Mr Norton said Agriculture and Food Minister Terry Redman had hijacked the report and admitted he felt sorry for the individuals on the committee because the way the council was structured, it was unlikely to achieve results.
"The individuals are there with the best intentions because they are trying to get a good outcome but you have got a model which is virtually hijacked by the Minister," Mr Norton said.
"Mr Redman likes to say that it is a whole of industry committee but it's not a whole of industry committee.
"The Minister took control of the formation of the council and it was always going to struggle.
"I think it needs to be disbanded and started again.
"It loses horsepower if you don't have groups like Pastoralists and Graziers Association (PGA) and WAFarmers involved on the council.
"It is basically a government-run committee even though the government denies it."
Mr Norton said the PGA and WAF didn't support the council being funded out of the Cattle Compensation Fund in the first place.
"Yet the Minister went and did it anyway and that doesn't create a very good environment to drive a committee," Mr Norton said.
"In the model we (the WA Stocktake Committee) had, WAF and PGA were very much part of the committee, but as soon as Mr Redman hijacked it, he wanted a skills-based committee, he didn't want agri-political personnel on it and we just got written out of the script overnight."
Earlier this year the WA Beef Council announced it had become incorporated, in the hope it could progress projects quicker.

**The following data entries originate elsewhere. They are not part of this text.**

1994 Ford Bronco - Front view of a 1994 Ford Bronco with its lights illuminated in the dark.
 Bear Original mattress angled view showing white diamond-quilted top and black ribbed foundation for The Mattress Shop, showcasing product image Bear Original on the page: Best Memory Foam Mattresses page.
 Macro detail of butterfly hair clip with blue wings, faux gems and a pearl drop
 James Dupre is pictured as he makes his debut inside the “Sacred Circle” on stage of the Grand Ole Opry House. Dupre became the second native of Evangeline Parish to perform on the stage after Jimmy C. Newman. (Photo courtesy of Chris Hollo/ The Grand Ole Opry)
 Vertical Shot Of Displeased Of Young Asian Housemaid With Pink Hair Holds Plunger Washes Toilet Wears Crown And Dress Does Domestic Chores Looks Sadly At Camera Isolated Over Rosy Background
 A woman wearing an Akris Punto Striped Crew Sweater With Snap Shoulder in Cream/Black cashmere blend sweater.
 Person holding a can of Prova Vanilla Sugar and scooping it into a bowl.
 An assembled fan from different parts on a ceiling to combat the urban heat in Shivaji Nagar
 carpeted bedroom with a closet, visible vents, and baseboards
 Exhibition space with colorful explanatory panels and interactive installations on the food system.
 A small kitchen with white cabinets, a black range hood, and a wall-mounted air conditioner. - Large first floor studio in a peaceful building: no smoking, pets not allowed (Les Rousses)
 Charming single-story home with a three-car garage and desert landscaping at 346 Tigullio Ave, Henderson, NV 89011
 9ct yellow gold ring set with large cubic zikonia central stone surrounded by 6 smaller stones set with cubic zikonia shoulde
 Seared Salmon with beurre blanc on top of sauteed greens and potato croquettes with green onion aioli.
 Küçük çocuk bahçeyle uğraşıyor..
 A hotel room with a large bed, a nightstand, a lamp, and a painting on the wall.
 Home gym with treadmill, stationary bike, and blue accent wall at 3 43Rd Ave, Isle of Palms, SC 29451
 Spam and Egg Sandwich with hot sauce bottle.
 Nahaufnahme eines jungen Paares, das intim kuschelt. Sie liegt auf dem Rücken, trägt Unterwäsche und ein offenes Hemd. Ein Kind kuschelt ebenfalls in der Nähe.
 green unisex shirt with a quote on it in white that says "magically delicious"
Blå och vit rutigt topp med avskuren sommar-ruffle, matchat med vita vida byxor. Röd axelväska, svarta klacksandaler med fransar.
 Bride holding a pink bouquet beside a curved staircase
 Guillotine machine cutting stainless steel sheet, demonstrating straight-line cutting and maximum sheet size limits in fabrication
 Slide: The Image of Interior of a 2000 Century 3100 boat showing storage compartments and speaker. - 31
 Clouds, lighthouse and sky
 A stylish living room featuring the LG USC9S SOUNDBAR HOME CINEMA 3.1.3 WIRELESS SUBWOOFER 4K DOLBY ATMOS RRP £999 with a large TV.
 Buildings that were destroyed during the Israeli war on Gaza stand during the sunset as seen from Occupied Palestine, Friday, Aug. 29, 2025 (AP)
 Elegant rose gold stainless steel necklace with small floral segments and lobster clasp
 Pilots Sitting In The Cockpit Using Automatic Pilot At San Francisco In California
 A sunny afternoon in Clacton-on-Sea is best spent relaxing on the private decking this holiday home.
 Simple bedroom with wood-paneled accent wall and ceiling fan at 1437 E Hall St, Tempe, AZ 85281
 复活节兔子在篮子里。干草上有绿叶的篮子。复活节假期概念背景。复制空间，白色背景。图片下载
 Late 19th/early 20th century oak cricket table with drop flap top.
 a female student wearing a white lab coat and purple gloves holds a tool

Mr Norton said since the council had become incorporated nothing had changed.
"At the end of the day the councils are driven by the personalities which are on them," he said. "But the problem is that none of them are answerable to anybody and they are all pushing their own agenda.
"They all mean well and they are trying to do the right thing but there is no real person where the buck stops.
"There is no real structure to it all.
"But with your two producer organisations, there is a bit of structure and there is a process and we do form policy in a fairly democratic way and we do have linkages nationally and that's what you have got to have."
Red Meat Action Group chairman Gary Buller reinforced Mr Norton's comments saying Mr Redman made political appointments with producers' money.
"I think the Minister did hijack the WA Beef Council in regards to the recommendations from the WA Beef Stocktake report," Mr Buller said.
"It became a political appointment by the Minister when in fact the Beef Council was being funded by beef producers out of the CICF.
"That's an industry fund and not something which the government is contributing to nor a fund that the government should have its hands on yet.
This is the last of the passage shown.